The Internet has been called a “network of networks.” Although the phrase once had meaning, it is misleading today. It does not reflect how commercial behavior has shaped the Internet’s evolution.
Leading firms and their business partners view the commercial Internet through the same lens they view the rest of computing. To them, the Internet is a market in which to apply their platform strategies.
That is my point. The commercial Internet should be called a “network of platforms.”
This might sound like a philosophical rather than a pragmatic observation, but hear me out. Most firms and users are better off with platforms than without. Yet, if the behavior of prior successful platforms predicts the future, problematic issues will inevitably arise.
This will take some explaining.
Coordinating Activity Through Platforms
Typical use of Internet-related services requires multiple independent firms successfully executing a set of technically interrelated activities. Even the simplest of activities, such as sending email, involves many participants, such as the writer of the client software, the carrier of the data, and the operator of the server. To provide services efficiently, firms must agree in advance as to how their business activities will interrelate.
Focusing solely on the technical action misses how firms address the challenges making all the part interoperate. Commercial firms typically negotiate arrangements in advance with all relevant participants or do it all themselves. In business parlance, firms either negotiate standards or they offer their own platform for accomplishing the task.
Platforms are a standard bundle of components and designs around which vendors build services. Ever since the Internet emerged, many leading businesses have preferred to address challenges with platforms.
The list of important platforms on the Internet is long. They include proprietary platforms, open source platforms, and business platforms.
This is an enormous evolution: the present arrangement looks nothing like the Internet of the early 1990s, before it commercialized.
Platforms on the Internet
Today, many observers believe that Google—which did not even exist when the Internet first commercialized in the mid-1990s—has the most effective platform on the Internet.
Google’s approach is interesting. Sometimes it makes code accessible to programmers for mash-ups—for example, building services that attracts developers and users with no direct way to generate revenue.
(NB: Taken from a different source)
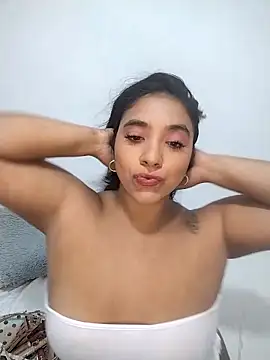 Snapshot of Eva_Ferrari chatting on April 30, 4:02 pm Eva Ferrari online show from April 30, 4:02 pm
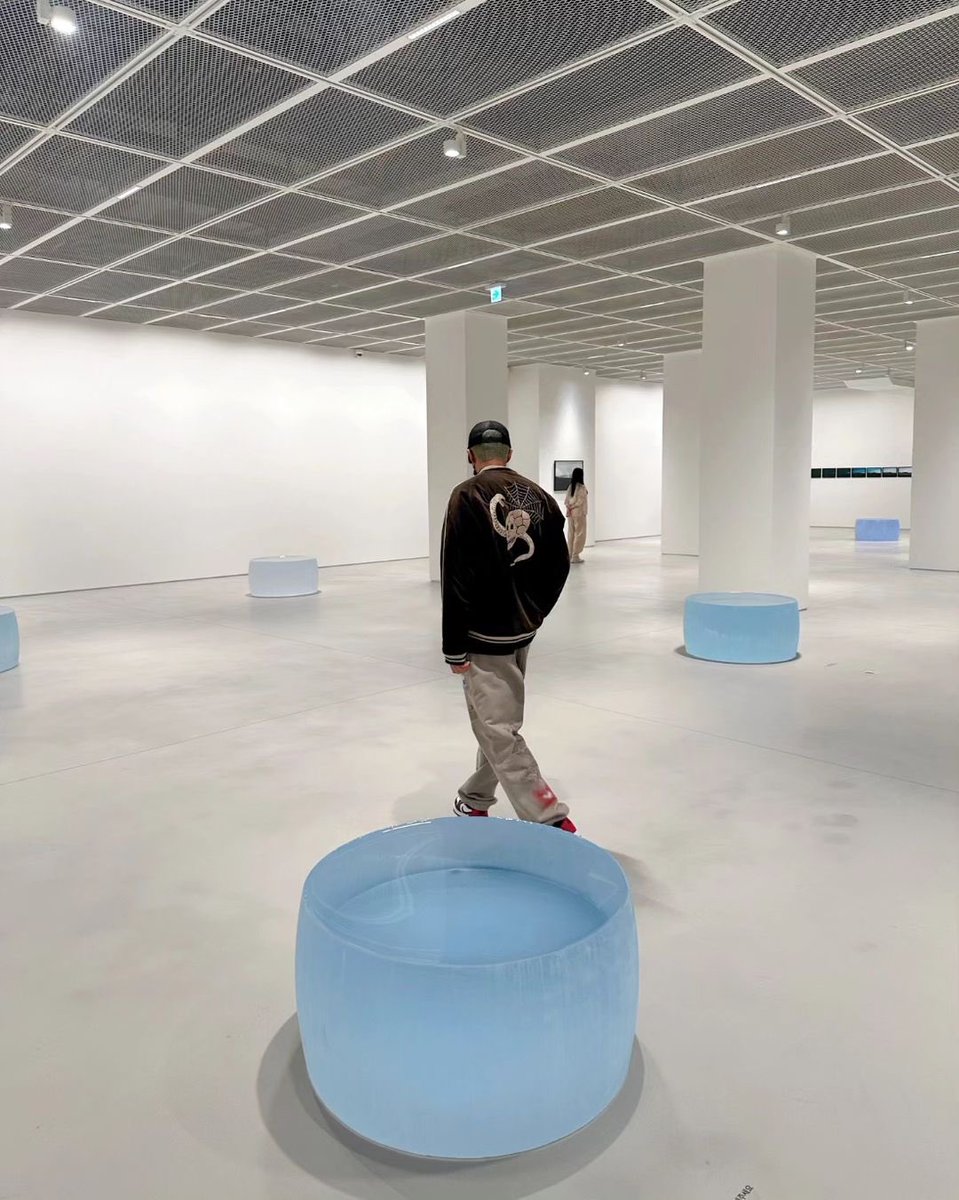 uRMyseason's tweet photo. 남준과 로니 혼 🫧⏱️💡⚗️🤍 https://t.co/CuuD7Ax5qO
Sometimes it retains many proprietary features, particularly in its search engine, which also supports a lucrative ad-placement business. Google takes action to prevent anyone from imitating it. For example, the caching, indexing, and underlying engineering tweaking activities remain hidden from public view.
The firm profits from shaping the actions of others. Many other firms expend considerable resources optimizing their Web pages to appear high on Google’s search results, and Google encourages this in various ways. For example, it lets potential advertisers, who will bid in Google’s auctions, know which words are the most popular.
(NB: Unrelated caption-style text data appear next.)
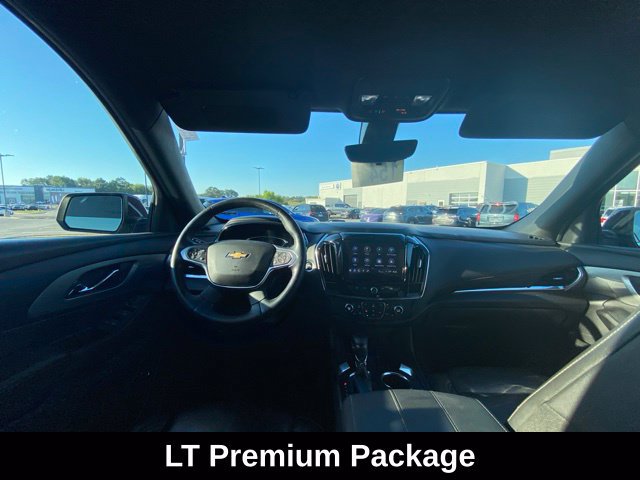 Used 2022 Chevrolet Traverse LT w/ LT Premium Package AWD/4WD image 7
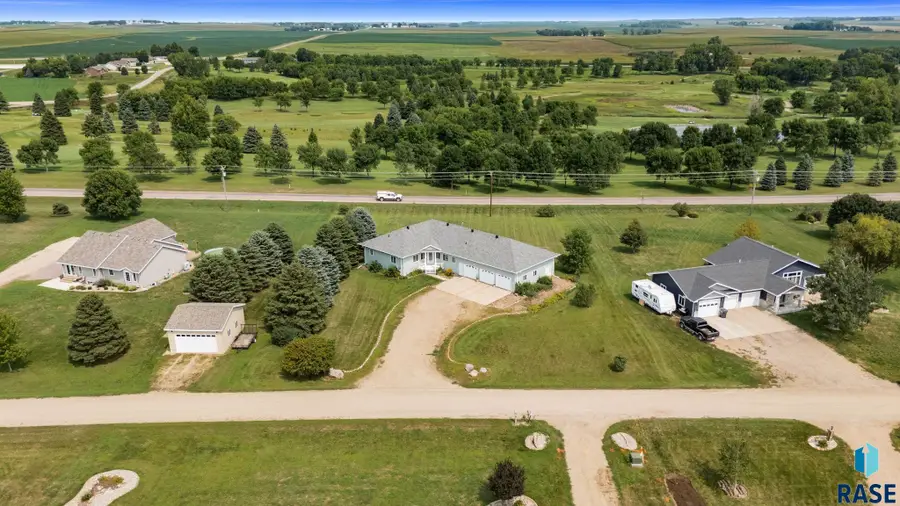 45114 Herman Blvd, Madison, SD 57042 - #2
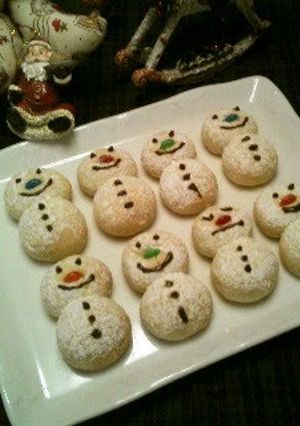 A picture of Cute Snowman Cookie Balls.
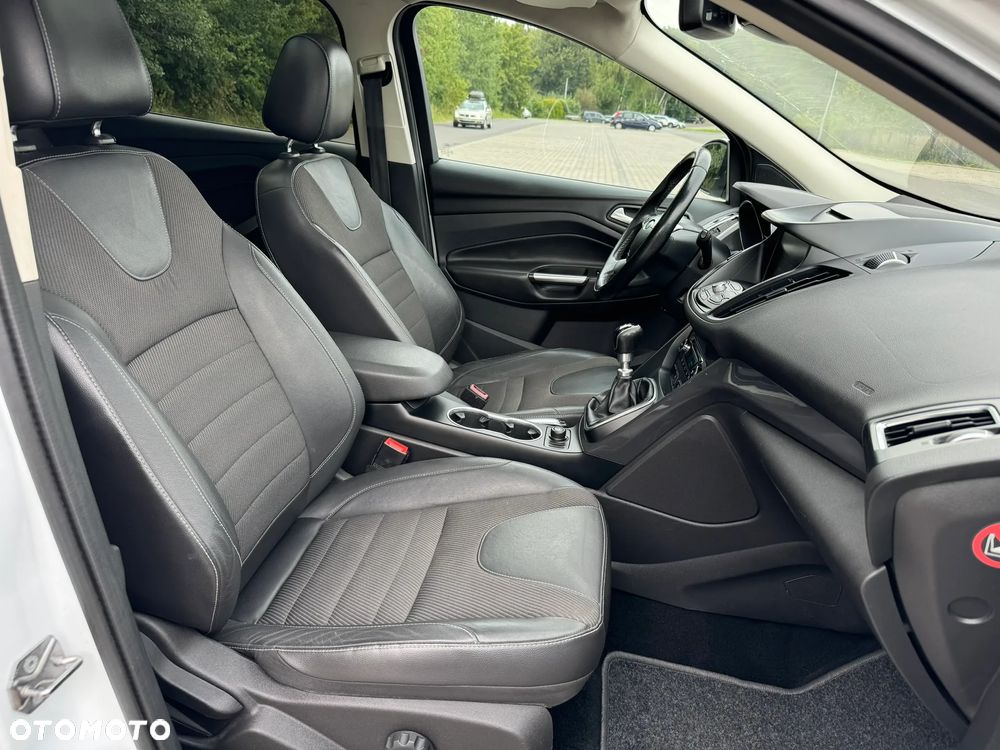 Ford Kuga 2.0 TDCi 2x4 Titanium - 13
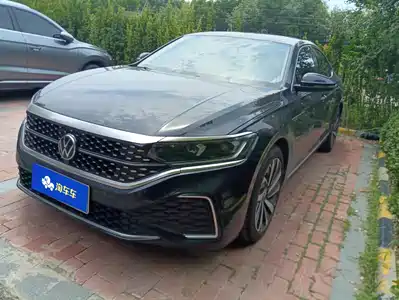 Volkswagen Passat 2022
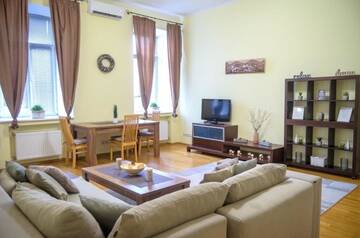 Фото номера Апартаменты с 2 спальнями Апартаменты City Garden г. Киев 40
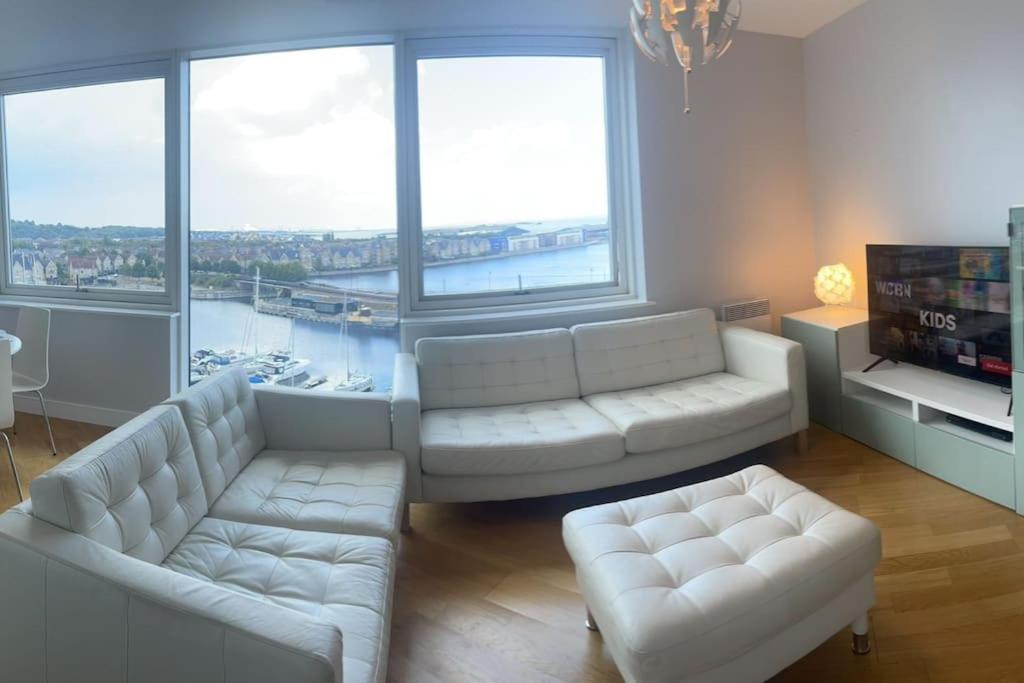 Luxury 8th Floor Apartment with Stunning Views view 3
To its credit, Google seems to manage a community of programmers with some success. For example, Google’s relationship with a large community of developers plays a central role in their recent efforts in the handset market, an effort known as Android.
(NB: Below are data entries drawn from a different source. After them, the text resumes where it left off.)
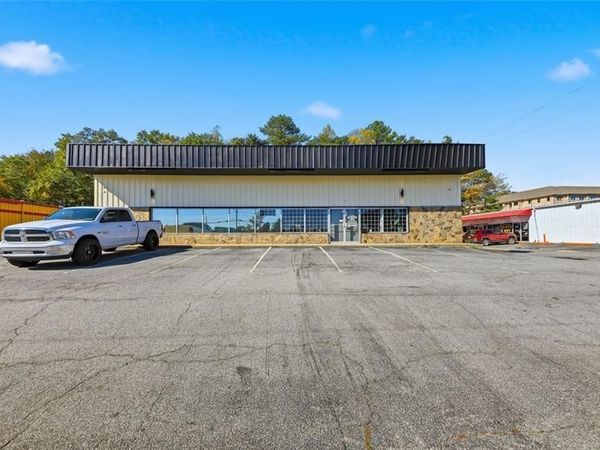 6843 HIGHWAY 85 , Riverdale, GA 30271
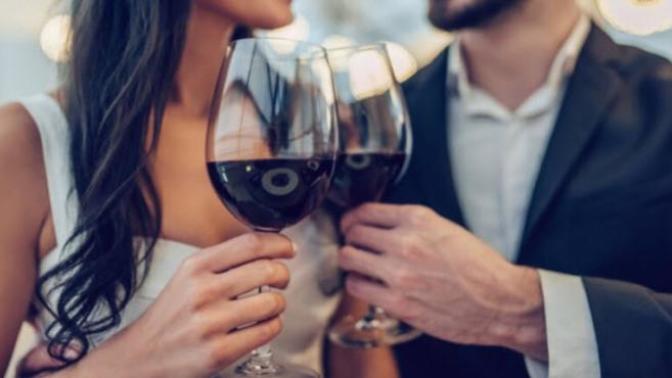 Alkol ve Seks: Harika Bir İkili Mi Yoksa Yatak Odasına Atılan Dinamit Mi?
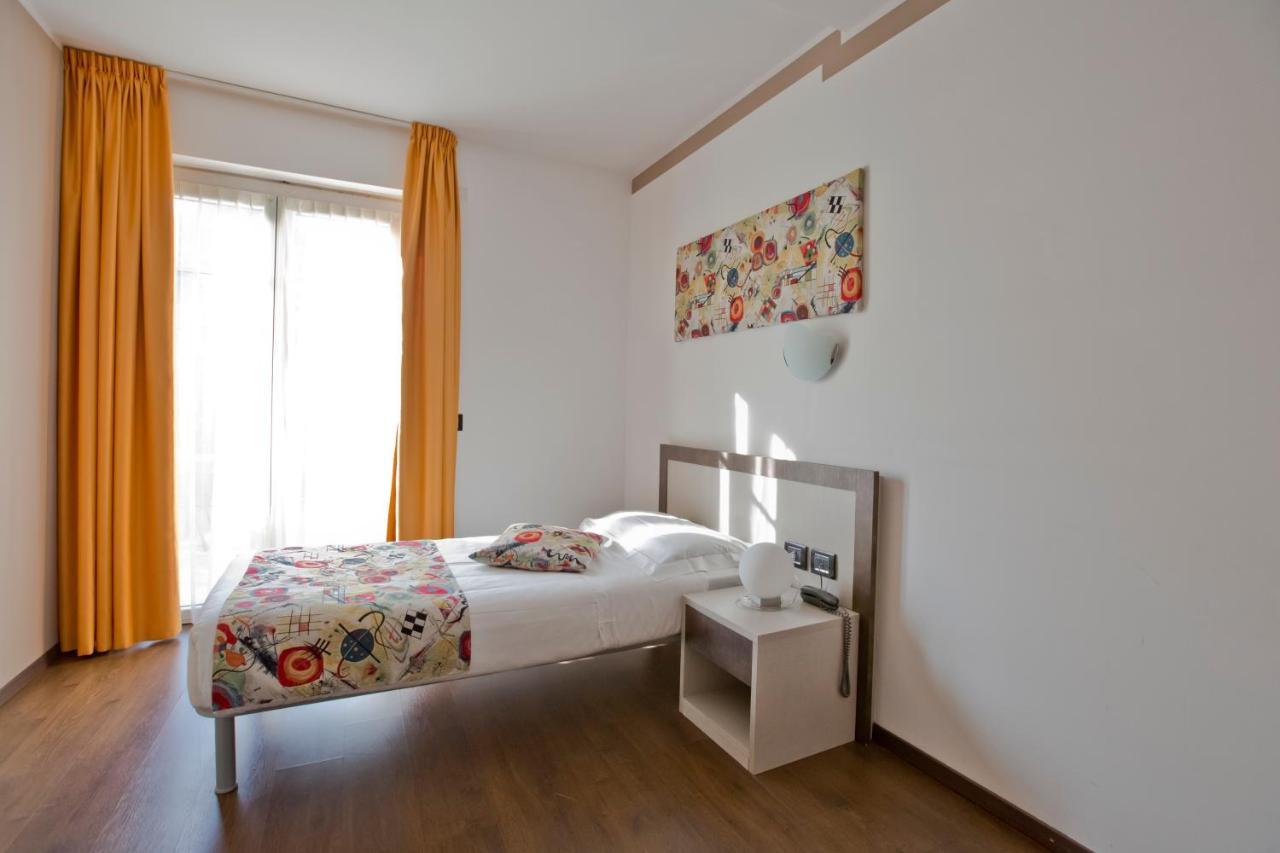 Camera Singola con Bagno Privato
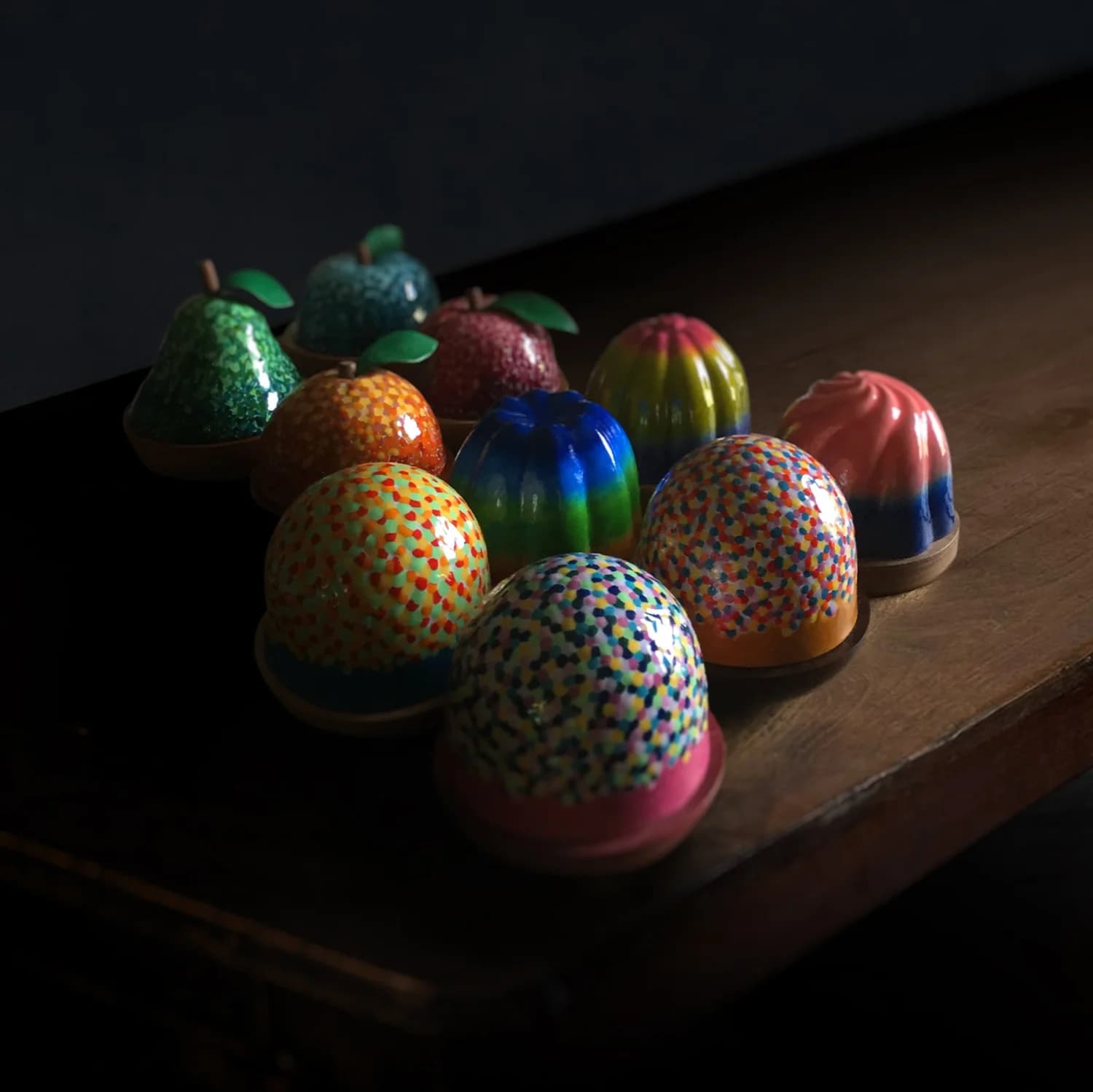Emergence-y Petit Fours - Installation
Networking equipment provider Cisco is another prominent platform provider for the Internet. For many years, Cisco made most of its profit from selling hubs and routers, so the platform strategy was rather straightforward. Cisco aspired to growing closely related businesses, offering users a nearly integrated solution to many networking problems.
At the same time, Cisco kept out of service markets and server applications, leaving that to integrators, consultants, and software vendors. That way, Cisco did not compete with its biggest business partners.
Cisco balanced acquisitions and internal innovation, growing into some new areas by acquiring start ups (more than 150) since 1995. Not every acquisition worked, but a substantial number did—hence, the firm’s expansion into many new markets.
More recently, Cisco branched into consumer markets (with its purchase of Linksys). The firm also has moved into some server (competing with HP) and some software/service areas related to videoconferencing and telepresence (by purchasing Webex, for example). Cisco no longer draws the boundary where it used to, and it is unclear how wide a scope the firm wants its platform to cover.
Wait, there is more . . .
The Internet value chain supports many other platforms, of course. Microsoft is perhaps the next best known. Although it started as a PC platform firm, it has had an Internet platform strategy for some time.
In the early 1990s, Microsoft offered TCP/IP compatibility in Windows as a means of enhancing its networking software, as well as to support functionality in some of its applications, such as Exchange. In the mid-1990s, Microsoft offered a browser, partly as a gateway toward developing a broader array of Web services, and partly for defensive purposes.
Although Microsoft continues to support these commercial positions and profit from them, the firm has not had as much success in other aspects of its commercial Internet ventures. MSN, search, mobile OS, and related activities have not yielded sustained enviable success (yet). Only the firm’s investments in Xbox Live have generated a significant amount of Internet traffic.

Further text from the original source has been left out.